Anyone have a configuration.nix setup to make systemd monitor `zpool status` and output an alert if errors are found?

bgibson · January 14, 2022, 4:23am

Is anyone using systemd to monitor their zpool status and alert if an error is found? Currently I just manually check zpool status from time to time, but I’d like to automate that.

peterhoeg · January 14, 2022, 6:01am

I can highly recommend prometheus.

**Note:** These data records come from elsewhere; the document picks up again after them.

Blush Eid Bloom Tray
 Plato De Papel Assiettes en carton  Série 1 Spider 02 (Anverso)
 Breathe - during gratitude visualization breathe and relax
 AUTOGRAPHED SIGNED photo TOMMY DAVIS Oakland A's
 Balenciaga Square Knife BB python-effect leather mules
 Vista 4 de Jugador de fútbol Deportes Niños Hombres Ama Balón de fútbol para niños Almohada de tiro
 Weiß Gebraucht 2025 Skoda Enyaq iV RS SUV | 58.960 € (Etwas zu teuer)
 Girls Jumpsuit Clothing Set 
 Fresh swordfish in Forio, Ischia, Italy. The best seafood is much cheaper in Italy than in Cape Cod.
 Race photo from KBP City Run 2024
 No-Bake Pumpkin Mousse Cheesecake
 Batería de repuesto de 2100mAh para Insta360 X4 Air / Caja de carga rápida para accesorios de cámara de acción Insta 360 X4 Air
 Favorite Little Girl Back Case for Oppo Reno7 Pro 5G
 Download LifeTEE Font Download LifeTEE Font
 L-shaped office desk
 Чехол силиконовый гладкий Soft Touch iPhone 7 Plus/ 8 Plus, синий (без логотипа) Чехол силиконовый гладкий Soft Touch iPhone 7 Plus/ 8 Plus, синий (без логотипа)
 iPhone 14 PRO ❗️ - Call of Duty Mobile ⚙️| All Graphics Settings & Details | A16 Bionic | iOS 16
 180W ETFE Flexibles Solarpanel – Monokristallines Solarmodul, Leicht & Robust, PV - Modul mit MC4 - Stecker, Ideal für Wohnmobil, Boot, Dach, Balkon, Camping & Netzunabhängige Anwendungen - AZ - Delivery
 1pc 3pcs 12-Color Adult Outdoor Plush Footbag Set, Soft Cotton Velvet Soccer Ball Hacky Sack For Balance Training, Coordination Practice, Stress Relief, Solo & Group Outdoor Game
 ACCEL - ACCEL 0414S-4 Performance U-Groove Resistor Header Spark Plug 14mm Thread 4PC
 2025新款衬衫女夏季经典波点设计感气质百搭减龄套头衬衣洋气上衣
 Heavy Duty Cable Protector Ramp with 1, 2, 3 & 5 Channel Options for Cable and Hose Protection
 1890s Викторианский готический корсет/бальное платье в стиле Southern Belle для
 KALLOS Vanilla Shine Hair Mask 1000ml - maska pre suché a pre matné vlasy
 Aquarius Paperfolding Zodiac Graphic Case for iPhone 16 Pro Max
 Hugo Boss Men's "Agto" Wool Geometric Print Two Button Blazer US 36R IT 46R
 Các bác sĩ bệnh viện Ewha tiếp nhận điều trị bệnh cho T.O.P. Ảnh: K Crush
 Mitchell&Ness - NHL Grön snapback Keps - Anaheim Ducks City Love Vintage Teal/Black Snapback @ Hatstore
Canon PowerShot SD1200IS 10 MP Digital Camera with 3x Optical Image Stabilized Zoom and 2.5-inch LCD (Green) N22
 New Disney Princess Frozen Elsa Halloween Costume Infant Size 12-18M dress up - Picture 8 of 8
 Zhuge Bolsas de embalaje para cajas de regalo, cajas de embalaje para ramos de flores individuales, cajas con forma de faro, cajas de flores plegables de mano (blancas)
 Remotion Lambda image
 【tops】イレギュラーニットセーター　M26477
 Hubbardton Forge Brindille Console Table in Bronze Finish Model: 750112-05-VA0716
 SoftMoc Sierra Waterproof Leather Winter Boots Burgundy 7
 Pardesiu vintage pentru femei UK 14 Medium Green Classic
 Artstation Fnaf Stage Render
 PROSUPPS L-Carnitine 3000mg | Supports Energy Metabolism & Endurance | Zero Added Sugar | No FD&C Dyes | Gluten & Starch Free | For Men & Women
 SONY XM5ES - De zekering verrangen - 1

The prometheus-node-exporter will be able to let you know if there is an issue with any filesystem (IMHO, you want to know if there is a filesystem error of any kind - whether or not it’s zfs doesn’t really matter) in addition to providing specific zfs metrics.

nixinator · January 14, 2022, 5:42pm

you got a Nixos configuration you wish to share for this…

bgibson · January 14, 2022, 9:03pm

Thanks, I’m checking it out, but this is just for my desktop workstation, so Prometheus may be overkill for that. The only filesystem I have on my workstation is ZFS, plus FAT32 for the EFI boot sector. All my important data is on ZFS so that’s primarily what I’m concerned about.

M12 · January 15, 2022, 1:01pm

I would go for an easier way, create a simple shell script, that does zpool status, redirect the output to a file, grep the file for an error, and if so, send an e-mail

And use cron to do that at certain intervals… https://search.nixos.org/options?channel=21.11&show=services.cron.enable&from=0&size=50&sort=relevance&type=packages&query=cron

Yes,I am older

bgibson · January 15, 2022, 11:37pm

Is it possible to configure all that in configuration.nix? I like keeping all this stuff there so it’s automatic on rebuilds and new installations.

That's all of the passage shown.